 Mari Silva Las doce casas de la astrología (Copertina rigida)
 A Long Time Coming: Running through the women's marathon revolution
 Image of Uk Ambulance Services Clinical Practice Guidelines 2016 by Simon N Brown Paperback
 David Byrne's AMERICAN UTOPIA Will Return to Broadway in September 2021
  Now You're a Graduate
==*==
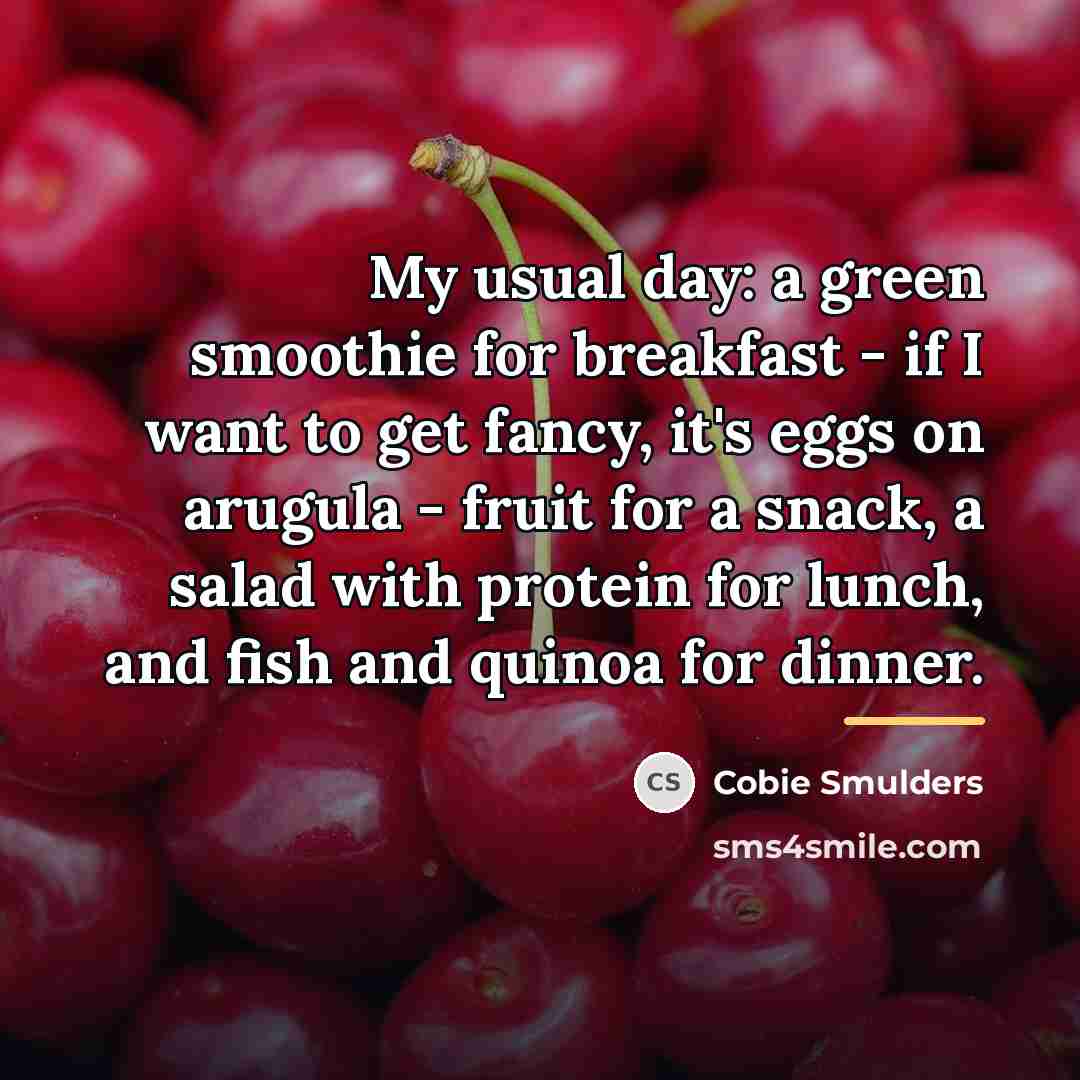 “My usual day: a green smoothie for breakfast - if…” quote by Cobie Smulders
==*==
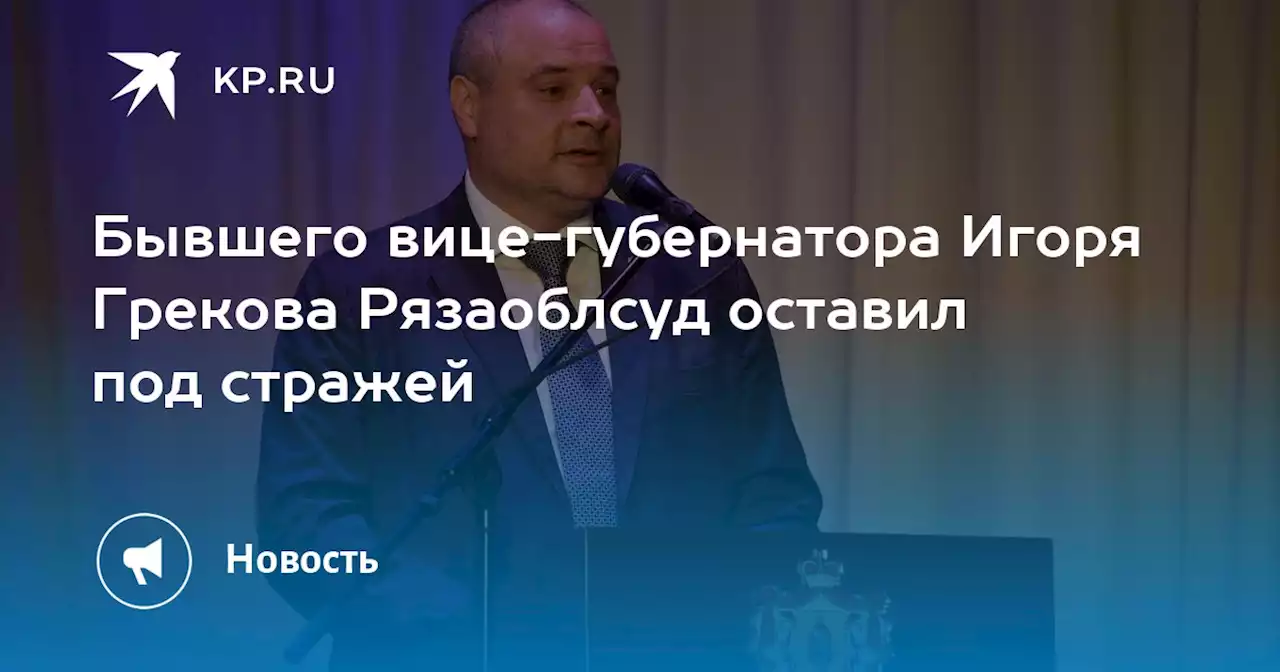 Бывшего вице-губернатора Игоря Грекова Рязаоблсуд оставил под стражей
==*==
• **Work instruction**:
Reproduce exactly, and only, the part of the listing above that begins at the line with "Mari Silva Las" and goes on through the line with "Now You're a Graduate".

• **Response to this exercise**:
 Mari Silva Las doce casas de la astrología (Copertina rigida)
 A Long Time Coming: Running through the women's marathon revolution
 Image of Uk Ambulance Services Clinical Practice Guidelines 2016 by Simon N Brown Paperback
 David Byrne's AMERICAN UTOPIA Will Return to Broadway in September 2021
  Now You're a Graduate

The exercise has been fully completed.